Recent developments in semiconductor technology include the complementary metal-oxide-semiconductor (CMOS). CMOS is a technology employed in constructing integrated circuits, producing semiconductor devices having a wide variety of uses in electronic components. These uses can include, for instance, microprocessors, microcontrollers, static random access memory, and other digital logic circuits. Analog uses include data integrators, and integrated transceivers employed in electronic communication, as well as for image sensors.
One particular type of image sensor leveraging CMOS technology is the CMOS image sensor. A CMOS image sensor can be incorporated into a System-on-Chip (SoC). As such, the SoC can integrate various components (e.g., analog, digital, . . . ) associated with imaging into a common integrated circuit. For instance, the SoC can include a microprocessor, microcontroller, or digital signal processor (DSP) core, memory, analog interfaces (e.g., analog to digital converters, digital to analog converters), and so forth.
Visible imaging systems utilizing CMOS imaging sensors can reduce manufacturing costs for such systems, reduce power consumption of an electronic device, and reduce electronic noise, while improving optical resolution. For instance, cameras can use CMOS imaging System-on-Chip (iSoC) sensors that efficiently marry low-noise image detection and signal processing with multiple supporting blocks that can provide timing control, clock drivers, reference voltages, analog to digital conversion, digital to analog conversion and key signal processing elements. High-performance video cameras can thereby be assembled using a single CMOS integrated circuit supported by few components including a lens and a battery, for instance. Accordingly, by leveraging iSoC sensors, camera size can be decreased and battery life can be increased. The iSoC sensor has also facilitated the advent of more advanced optical recording devices, including dual-use cameras that can alternately produce high-resolution still images or high definition (HD) video.

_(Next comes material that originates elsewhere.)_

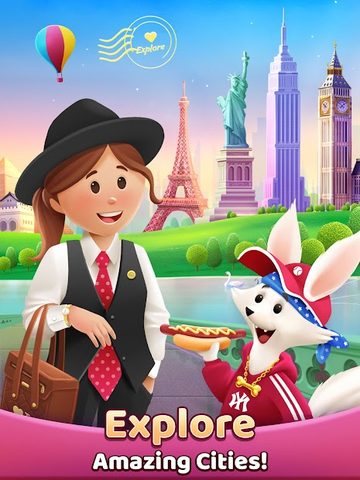 Screenshot 9: Travel Crush - Match 3 Game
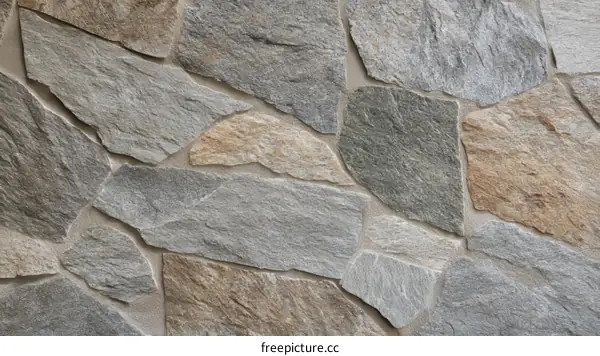 Natural Stone Wall Texture Pattern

An image sensor converts an optical image into an electronic signal. This electronic signal can then be processed and reproduced, for instance on a display screen. Typically, the image sensor comprises an array of many active pixels; each active pixel comprising a CMOS photodetector (e.g., photogate, photoconductor, photodiode, . . . ) controlled by circuits of digitally controlled transistors. The CMOS photodetector can absorb electromagnetic radiation in or around the visible spectrum (or more typically a subset of the visible spectrum—such as blue wavelengths, red wavelengths, green wavelengths, etc.), and output an electronic signal proportionate to the electromagnetic energy absorbed.
Electronic imaging devices, such as digital cameras and particularly video recorders, capture and display many optical images per second (e.g., 30 per second, 60 per second, 70 per second, 120 per second, . . . ), equal to the optical frame rate of the imaging device. Capturing a single image in a single frame time involves multiple operations at the CMOS pixel array and readout circuit. One mechanism for image capture is referred to as a rolling shutter. As an example, rolling shutter operations can include capture and convert (e.g., capture light information and convert to electrical information), readout, and reset operations. Some frames can be constructed so that the capture and convert operation, and the reset operation are performed in a single reset cycle, for instance, with reset of a prior frame occurring at a beginning of the reset operation, and capture and convert of a current frame occurring at the end of the reset operation. Thus, alternating reset and readout cycles can clear the CMOS photodetector array, capture a new image, and output the captured image for processing.
Another mechanism for controlling electronic shutter operations for a CMOS image sensor is a global shutter operation. For global shutter operations, all pixels of the CMOS image sensor are reset concurrently. This particular reset is referred to as a global reset. After being reset, the pixels are configured to collect light for an exposure period, (typically having a predetermined duration). Charge is transferred from photodiodes of respective pixels to a floating diffusion node; the transfer of charge is again performed concurrently for all pixels. The transfer of charge is referred to as a global transfer.
For certain global shutter pixels, a correlated double sampling (CDS) operation is conducted over multiple frames. To achieve CDS, a floating diffusion node that will ultimately be used to store the signal charge from the photodetector is reset, and this reset voltage is read out (or output) with respect to a reference voltage. This readout is referred to as a “reset frame”. A global transfer is performed to transfer charge from all the image sensor's photodetectors to a corresponding floating diffusion node of the image sensor. Voltage on the floating diffusion node is read out, again with respect to the same reference voltage. This readout is referred to as a “readout frame”. The reset frame subtracted from the readout frame provides the actual image value sans the correlated noise present in each of the two frames. CDS can also be performed entirely within the sensor if there is means for storing the reset frame and subsequently subtracting it from the signal frame.
The global shutter can provide advantages over the rolling shutter operation. For instance, global shutter mitigates or avoids some undesirable artifacts observed in the rolling shutter operation, like geometric deformation of moving objects stemming from the capture of object movement at a rate faster than the frame capture rate. Additionally, global shutter operations need not employ a mechanical shutter to capture still images. However, global shutter does present some challenges, which largely are the focus of ongoing research and development in CMOS image sensor technology.